AUGUSTA — Today, the results of a study on the use and effectiveness of forestry Best Management Practices (BMPs) at timber harvests across the state from 2020-2021 were released by the Department of Agriculture, Conservation and Forestry’s Maine Forest Service (MFS). BMPs are voluntary measures used to protect water quality. BMP use and effectiveness at timber harvesting operations are monitored regularly by the Maine Forest Service’s ten District Foresters and Water Resources Specialists. The results of these monitoring efforts are reported biannually.
The following are key findings of this year’s report:
- Sixty-eight percent of sites had BMPs applied appropriately on crossings and approaches, or crossings were avoided. MFS BMPs emphasize planning harvests to avoid crossing streams whenever feasible.
- Eighty-four percent of sites evaluated for sediment input found no sediment entered a waterbody. A significant goal of BMPs is keeping sediment from reaching water bodies.

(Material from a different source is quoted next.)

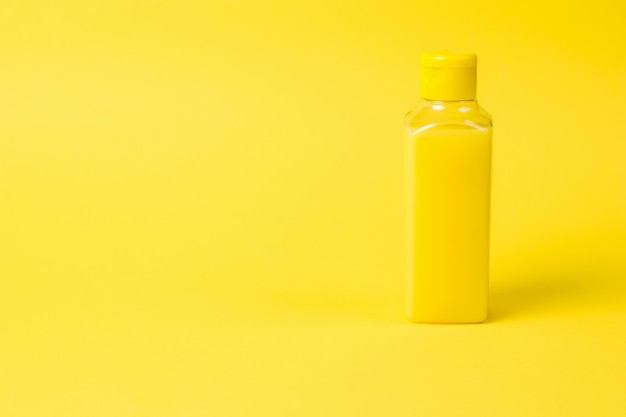 Bouteille en plastique avec liquide jaune sur fond jaune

- Ninety-six percent of sites showed no evidence of chemical spills. Properly securing and storing chemicals is a vital BMP, as is being prepared with a plan and the proper equipment if a spill occurs.

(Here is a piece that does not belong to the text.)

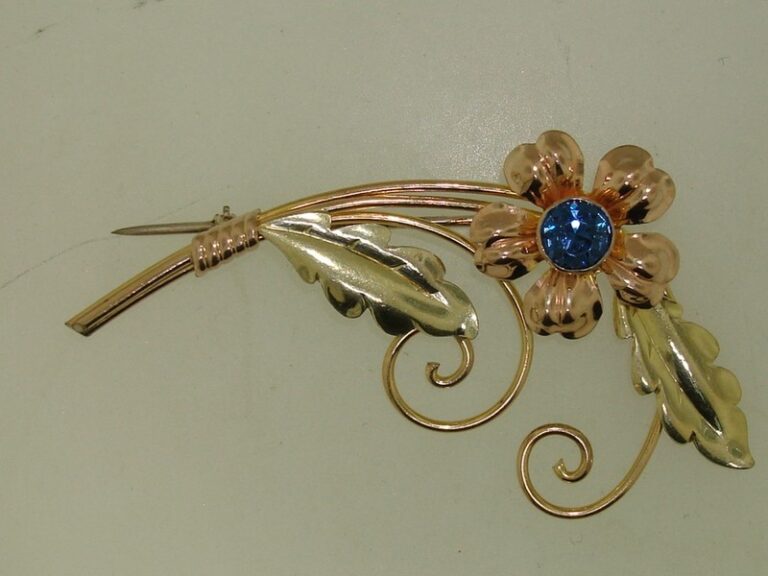 Vintage Van Dell tri-color gold filled flower pin with blue rhinestone accent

- When applied appropriately, BMPs effectively prevented sedimentation from entering water bodies. Sedimentation events were strongly correlated with inadequate application of BMPs or lack of maintenance of BMPs.
- Ninety-six percent of sample sites had no wetland crossing. Wetlands were avoided, or effective BMPs were used to cross.
The data in the most recent report indicates a slight increase in chances of sedimentation at crossing structures, which were expected due to various factors. For example, keeping soil stable under drought conditions coupled with increased severe rain events has posed unprecedented challenges. In addition, the forest products industry has experienced a substantial turnover of experienced personnel in recent years. Finally, milder winters, resulting in less frozen ground (both area and timing), have also challenged operators.
Anticipating these challenges, MFS and the forestry community have increased their emphasis on BMP training for land managers and woods workers in recent years. In 2019, MFS and partners developed an updated BMP training program that focuses on fundamental BMPs for protecting water quality and has provided BMP training opportunities across the state. In addition to ramping up training efforts on fundamental BMPs, MFS plans to develop additional training programs that focus on BMP techniques to address severe weather events. As with many MFS initiatives, input from partners will be an important part of developing such training programs, and MFS is confident that the forestry community will rise to the challenge.
“On behalf of the Maine Forest Service, I thank Maine’s forestry community for its continued success in protecting Maine’s water resources,” said Maine Forest Service Director Patty Cormier. “There is no doubt that there have been many obstacles for forestry workers, especially over the past few years; not only a pandemic and market disruptions but also erratic weather and workforce challenges. I appreciate all the positive efforts made to protect our water resources. The forestry community takes the use of Best Management Practices seriously. We all need to take care of our natural resources, and this report shows the forestry community has stepped up to the plate to do that.”